• [SOURCE MATERIAL]
---

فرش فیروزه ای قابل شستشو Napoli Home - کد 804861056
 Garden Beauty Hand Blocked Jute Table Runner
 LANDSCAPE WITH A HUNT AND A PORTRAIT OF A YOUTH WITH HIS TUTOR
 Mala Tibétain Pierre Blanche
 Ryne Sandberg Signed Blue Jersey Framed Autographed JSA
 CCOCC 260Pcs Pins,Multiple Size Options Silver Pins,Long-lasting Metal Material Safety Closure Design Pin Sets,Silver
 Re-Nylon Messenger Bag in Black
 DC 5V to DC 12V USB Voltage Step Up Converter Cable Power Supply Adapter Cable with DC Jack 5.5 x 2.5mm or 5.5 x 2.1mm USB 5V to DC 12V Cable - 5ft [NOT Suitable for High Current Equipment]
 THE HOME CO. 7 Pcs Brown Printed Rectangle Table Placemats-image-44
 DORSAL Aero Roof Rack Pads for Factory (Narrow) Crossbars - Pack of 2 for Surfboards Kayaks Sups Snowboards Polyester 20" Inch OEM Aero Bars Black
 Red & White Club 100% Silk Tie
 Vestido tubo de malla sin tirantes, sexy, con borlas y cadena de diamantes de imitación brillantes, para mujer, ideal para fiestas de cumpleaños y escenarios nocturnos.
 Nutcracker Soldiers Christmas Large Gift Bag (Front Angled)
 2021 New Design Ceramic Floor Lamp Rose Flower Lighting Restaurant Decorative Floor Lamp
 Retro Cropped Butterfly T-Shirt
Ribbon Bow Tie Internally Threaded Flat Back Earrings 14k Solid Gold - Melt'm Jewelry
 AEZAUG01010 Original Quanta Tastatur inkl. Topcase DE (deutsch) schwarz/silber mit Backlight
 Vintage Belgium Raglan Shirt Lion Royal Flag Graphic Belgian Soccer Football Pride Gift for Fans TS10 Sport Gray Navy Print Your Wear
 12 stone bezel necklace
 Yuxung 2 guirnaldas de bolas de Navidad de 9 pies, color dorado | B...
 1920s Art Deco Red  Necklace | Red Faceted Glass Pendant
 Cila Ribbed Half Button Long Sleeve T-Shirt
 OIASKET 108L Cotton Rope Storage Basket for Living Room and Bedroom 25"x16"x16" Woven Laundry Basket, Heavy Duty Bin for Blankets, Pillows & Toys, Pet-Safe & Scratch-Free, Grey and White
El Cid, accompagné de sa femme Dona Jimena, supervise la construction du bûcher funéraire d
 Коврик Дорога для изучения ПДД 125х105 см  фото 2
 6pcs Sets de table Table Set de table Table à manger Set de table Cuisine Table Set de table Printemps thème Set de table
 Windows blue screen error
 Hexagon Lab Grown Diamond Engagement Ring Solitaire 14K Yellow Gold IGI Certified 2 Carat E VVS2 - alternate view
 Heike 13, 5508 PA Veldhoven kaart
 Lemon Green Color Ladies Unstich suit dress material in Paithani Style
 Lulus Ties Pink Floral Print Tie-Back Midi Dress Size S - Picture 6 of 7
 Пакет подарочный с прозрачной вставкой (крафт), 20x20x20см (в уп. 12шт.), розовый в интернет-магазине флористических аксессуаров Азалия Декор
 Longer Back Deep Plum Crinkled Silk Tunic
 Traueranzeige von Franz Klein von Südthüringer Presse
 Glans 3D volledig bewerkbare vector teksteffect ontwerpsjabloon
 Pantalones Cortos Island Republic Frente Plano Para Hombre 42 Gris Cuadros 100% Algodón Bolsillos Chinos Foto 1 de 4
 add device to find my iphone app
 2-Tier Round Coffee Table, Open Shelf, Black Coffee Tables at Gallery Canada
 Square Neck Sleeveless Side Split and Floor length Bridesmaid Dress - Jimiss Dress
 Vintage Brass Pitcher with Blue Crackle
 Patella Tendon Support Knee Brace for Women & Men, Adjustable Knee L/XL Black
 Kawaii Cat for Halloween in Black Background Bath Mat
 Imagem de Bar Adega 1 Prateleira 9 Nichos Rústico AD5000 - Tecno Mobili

---

• [WHAT THE TASK ASKS] Reproduce exactly the section above that begins at the line containing "Vintage Belgium Raglan" and ends at the line containing "Коврик Дорога для", leaving out all other lines.

• [RESULT OF THE EXERCISE]
 Vintage Belgium Raglan Shirt Lion Royal Flag Graphic Belgian Soccer Football Pride Gift for Fans TS10 Sport Gray Navy Print Your Wear
 12 stone bezel necklace
 Yuxung 2 guirnaldas de bolas de Navidad de 9 pies, color dorado | B...
 1920s Art Deco Red  Necklace | Red Faceted Glass Pendant
 Cila Ribbed Half Button Long Sleeve T-Shirt
 OIASKET 108L Cotton Rope Storage Basket for Living Room and Bedroom 25"x16"x16" Woven Laundry Basket, Heavy Duty Bin for Blankets, Pillows & Toys, Pet-Safe & Scratch-Free, Grey and White
El Cid, accompagné de sa femme Dona Jimena, supervise la construction du bûcher funéraire d
 Коврик Дорога для изучения ПДД 125х105 см  фото 2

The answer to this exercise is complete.